Perché molti dei preti che si dimettono per amore, in realtà, sentono la fede ancora più di prima. «Io mi sento missionario e sacerdote ancora oggi. Lo sento dentro. La Chiesa non può toglierti il sacramento, può solo toglierti la facoltà di esercitarlo», afferma Paolo. Perché in effetti un sacramento non può essere cancellato e i sacerdoti, pur ridotti allo stato laicale, rimangono sacerdoti per sempre. Potrebbero continuare a esercitare il loro ministero, se volessero. Un ministero illecito, ma pur sempre valido. «Non ho mai sentito il bisogno di farlo – confessa Alvaro – Prego. Ma non ho mai voluto celebrare l’eucaristia, neanche fra gli amici». Eppure, sono molti gli ex-sacerdoti che continuano a celebrare i sacramenti e a offrire servizi alla comunità. Vocatio ne raccoglie a centinaia.

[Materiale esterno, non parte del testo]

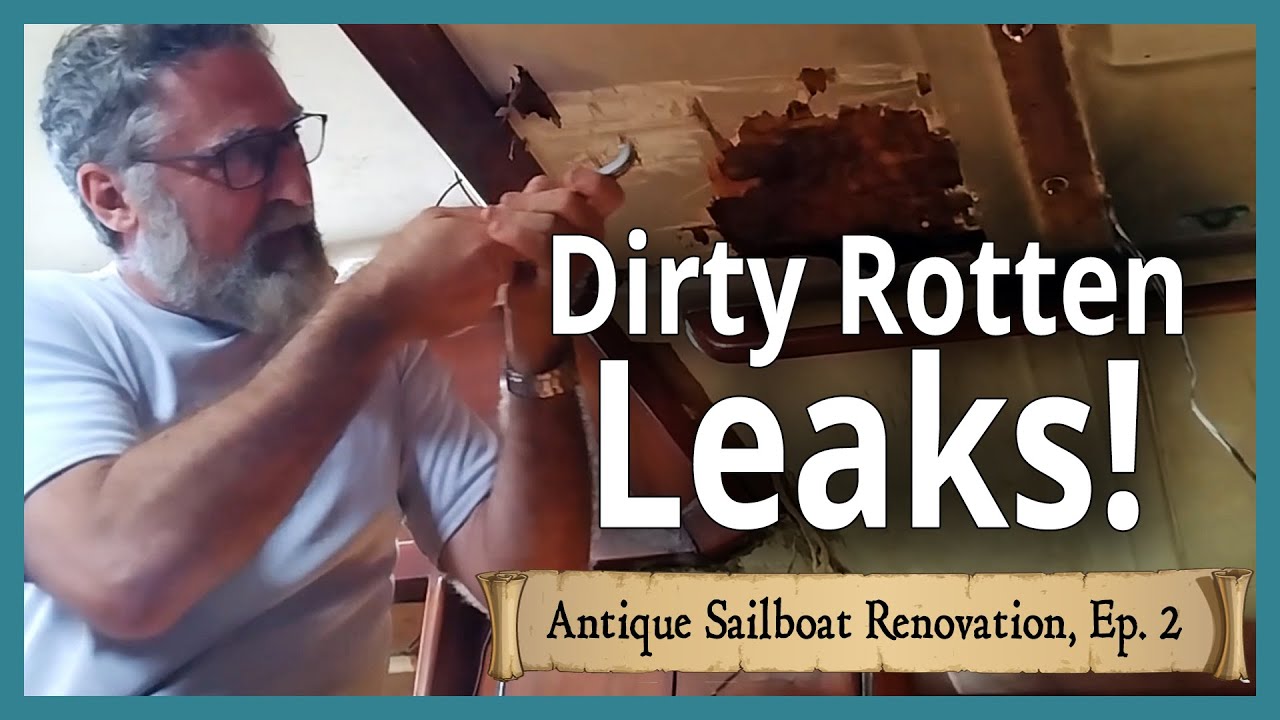 Restoring Our Antique Sailboat - Ep. 2 | Rotten Ceiling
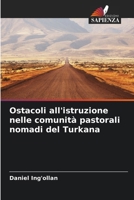 Ostacoli all'istruzione nelle comunità pastorali nomadi del Turkana (Italian Edition) 6208702895 Book Cover
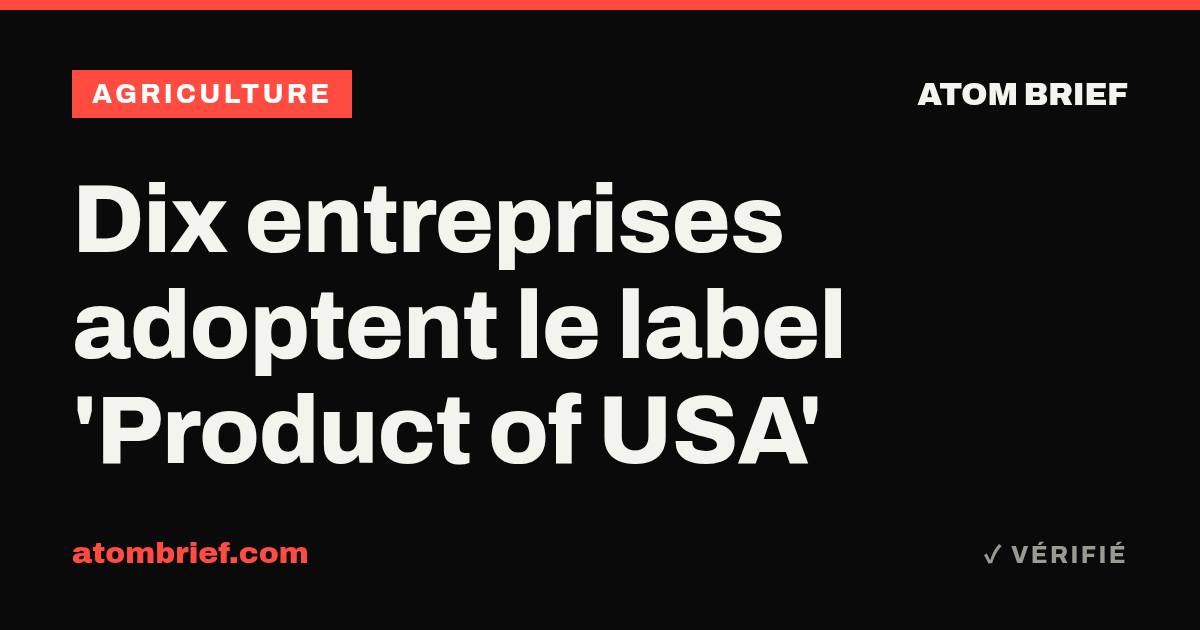 Dix entreprises adoptent le label 'Product of USA'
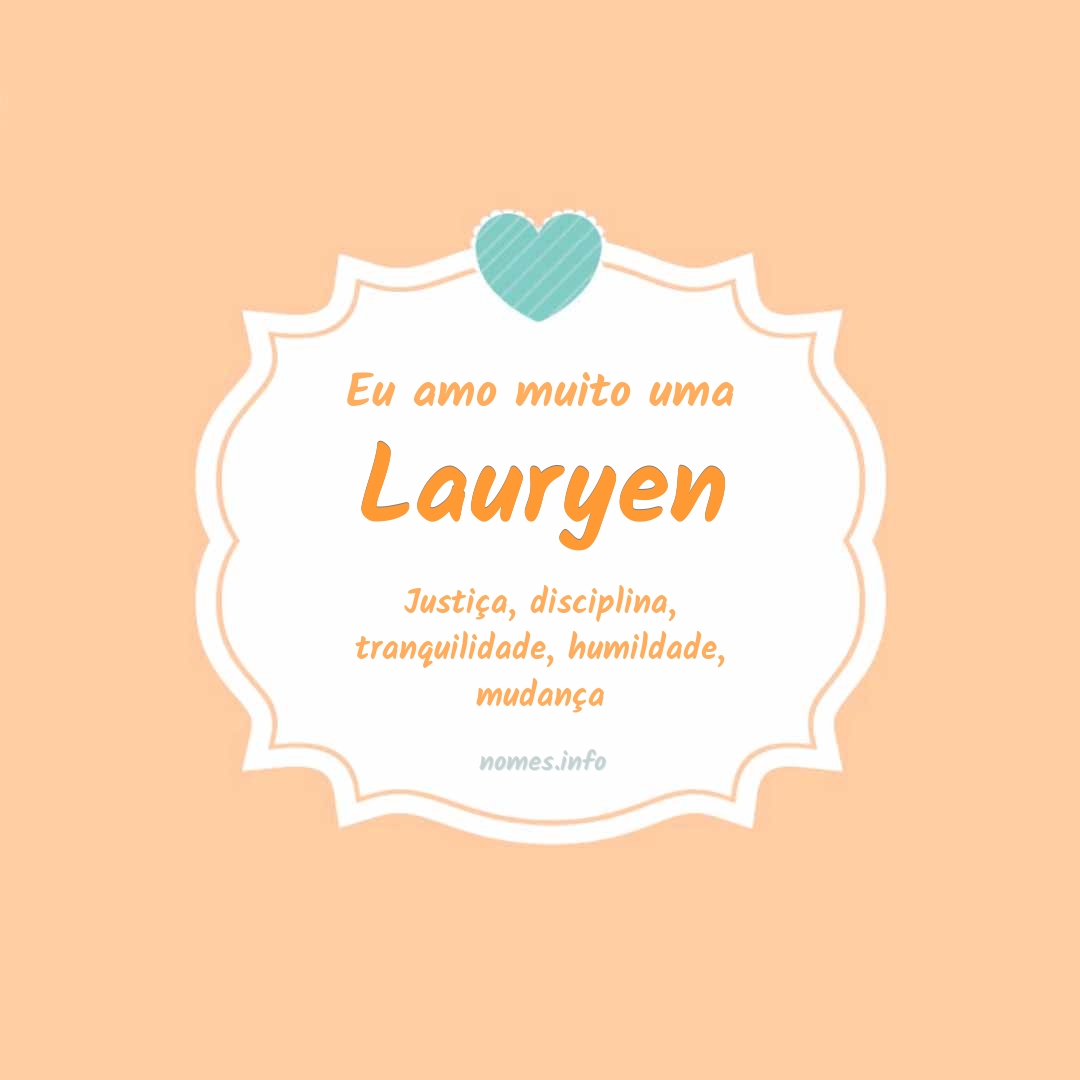 Eu amo muito Lauryen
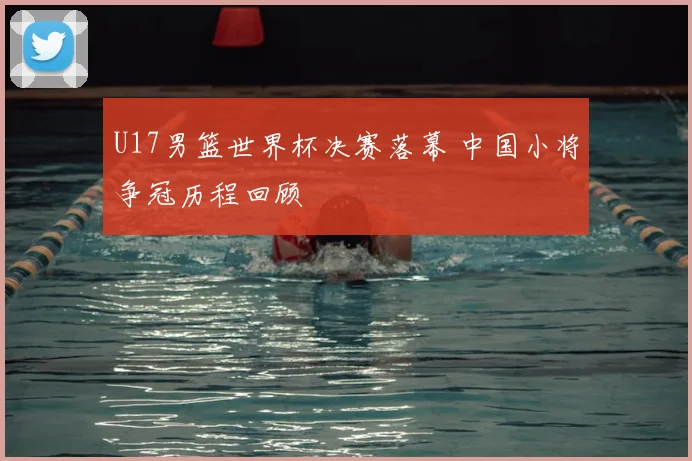 U17男篮世界杯决赛落幕 中国小将争冠历程回顾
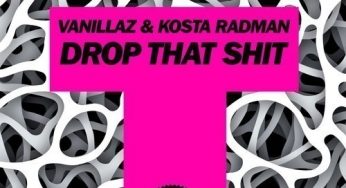 Vanillaz & Kosta Radman – Drop That Shit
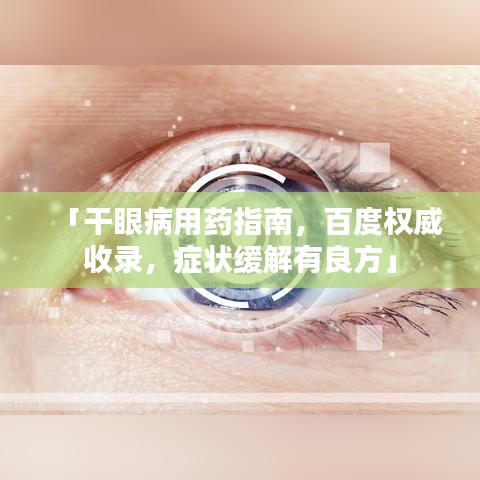 「干眼病用藥指南，百度權(quán)威收錄，癥狀緩解有良方」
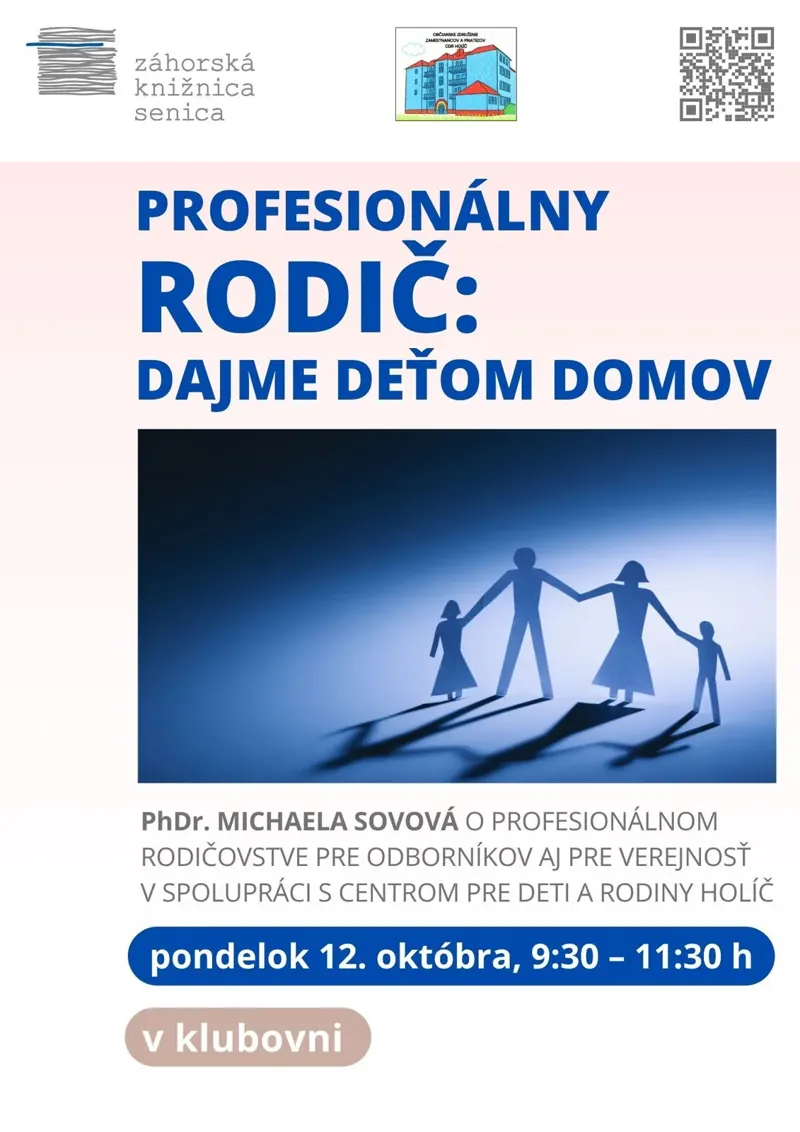 Profesionálny rodič: Dajme deťom domov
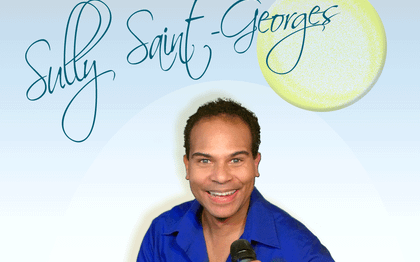 Photo de Sully Saint-Georges, artiste enchanteur Sketches et Chansons - Paris
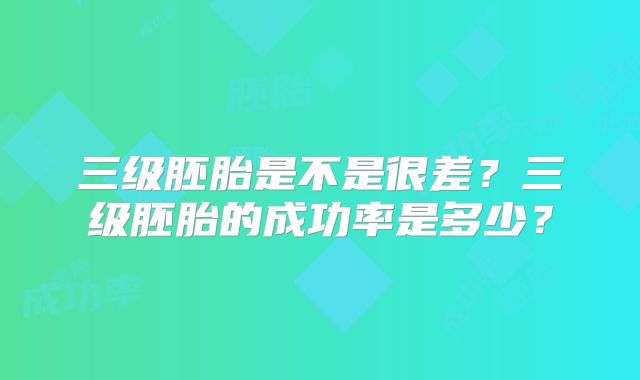 三级胚胎是不是很差？三级胚胎的成功率是多少？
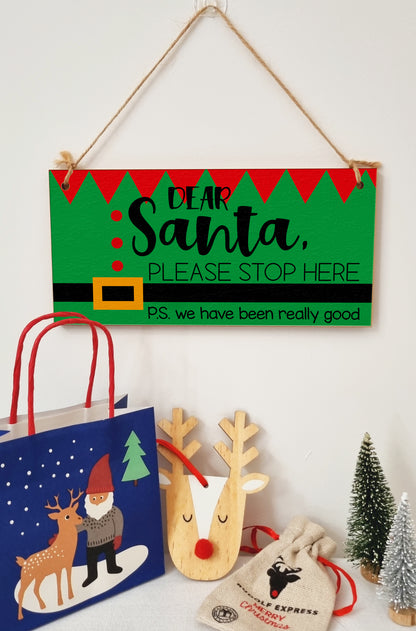 Dear Santa Please Stop Here We've Been Good Fun Elf Christmas Kids Sign Handmade Wooden Hanging Wall Plaque Gift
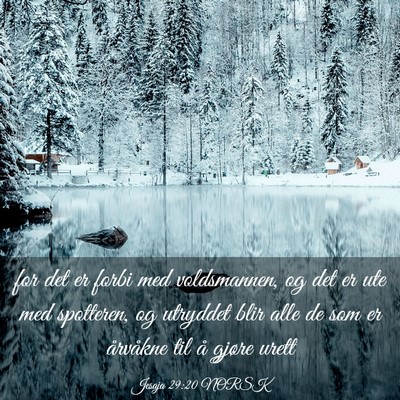 Picture 03 - Jesaja 29:20 NORSK - for det er forbi med voldsmannen, og det er ute - Bible Verse Picture
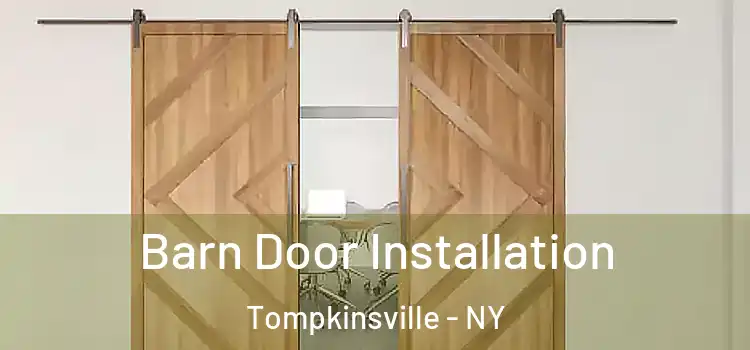  Barn Door Installation Tompkinsville - NY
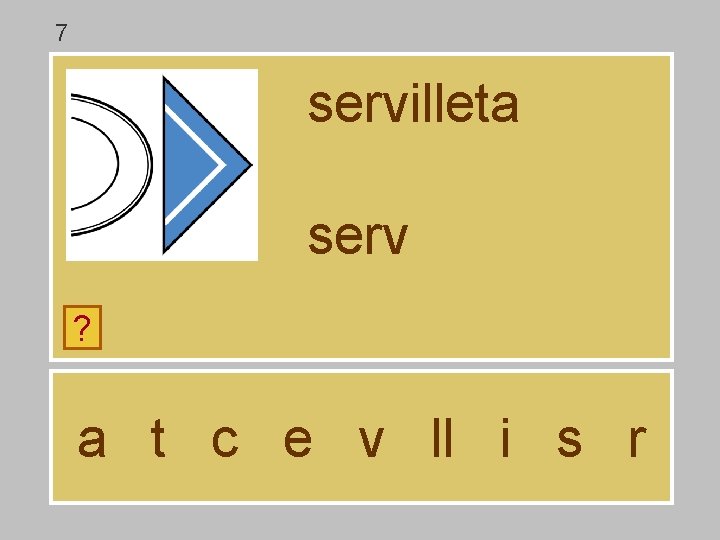 7 servilleta serv ? a t c e v ll i s r 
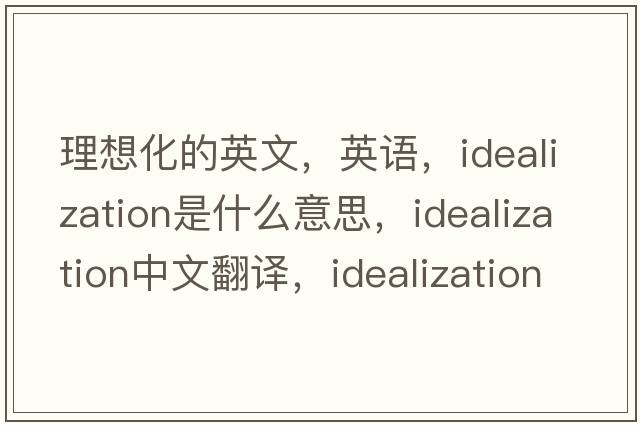 理想化的英文，英语，idealization是什么意思，idealization中文翻译，idealization怎么读、发音、用法及例句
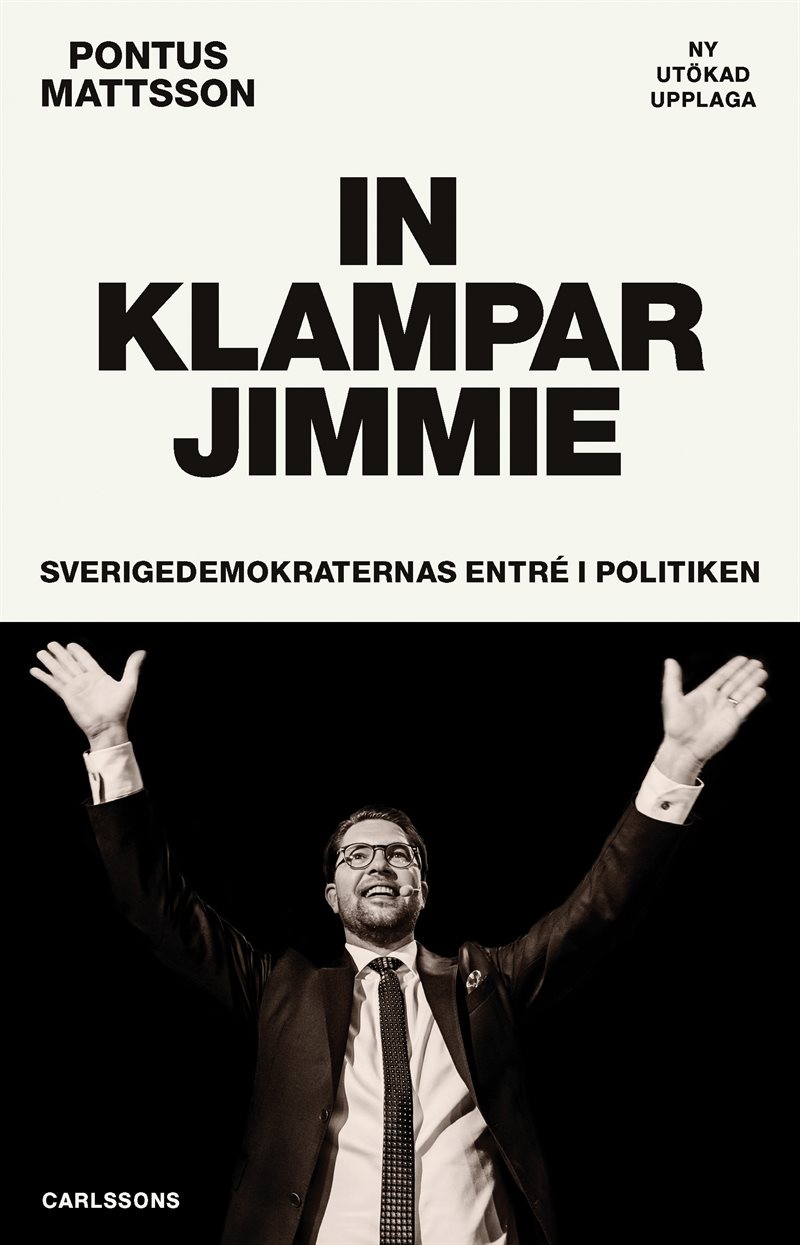 In klampar Jimmie : Sverigedemokraternas entré i politiken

Nata nel 1981, è un’associazione di preti sposati che si appoggia alle Comunità cristiane di base sparse in Italia.
«La maggior parte di noi non ha avuto alcuna crisi vocazionale – spiega Rosario Mocciaro, prete sposato, presidente dell’associazione e responsabile della Comunità di base di San Paolo a Roma – per questo ci sentiamo chiamati a essere ancora preti di una comunità». Non intendono creare un’altra Chiesa, ma contribuire a rendere “altra” la loro Chiesa di appartenenza. «Noi ci riuniamo qui», varca un cancello di ferro su via Ostiense e indica una grande sala quadrata. Cartelloni colorati e avvisi alle pareti, sembra di essere a scuola o al catechismo. Un tavolo di legno e nient’altro: «Quello è l’altare su cui celebriamo messa la domenica». Alcuni però non condividono questo atteggiamento. Per Paolo, ad esempio, è una questione di rispetto: «Anche io vorrei che la Chiesa cambiasse e ci lasciasse sposare. Ma la rispetto e non potrei mai celebrare la messa. Quelli che lo fanno non sono in piena comunione con la nostra Madre Chiesa».
Scheda
In base ai dati dell’Annuario statistico vaticano, sono circa 40 i sacerdoti che, ogni anno, scelgono di lasciare il ministero, su un clero formato da quasi 32.000 preti. I motivi per lasciare si riducono a tre: un prete può essere cacciato per aver commesso qualcosa di sbagliato, può improvvisamente non credere più in ciò che stava facendo, oppure può innamorarsi. E di preti innamorati, costretti a scegliere fra il sacerdozio e il matrimonio, ce ne sono sempre di più.
I sacerdoti della Chiesa cattolica di rito latino hanno l’obbligo di non sposarsi: il celibato è legge canonica dal IV secolo, ribadita dal Concilio di Trento. Molti però lo ritengono ormai una pratica ecclesiastica difficile da rispettare.
Per questo si sta iniziando a parlare della possibilità di abolirla. Papa Francesco, intanto, sembra aver assunto una posizione di apertura sul fronte dell’ordinazione dei cosiddetti viri probati, “uomini sposati di provata fede”, piccoli gruppi di laici impegnati in parrocchia, già sposati o vedovi, con figli adulti, che verrebbero ordinati sacerdoti in quelle zone della terra, come l’Amazzonia, dove c’è carenza di clero. I viri probati farebbero parte di una sorta di sacerdozio parallelo e complementare a quello dei preti che escono dal seminario: sarebbero qualcosa in più rispetto a un diacono e qualcosa in meno rispetto a un prete. La loro ordinazione rappresenterebbe un primo segnale importante di evoluzione da parte della Chiesa nei confronti del celibato.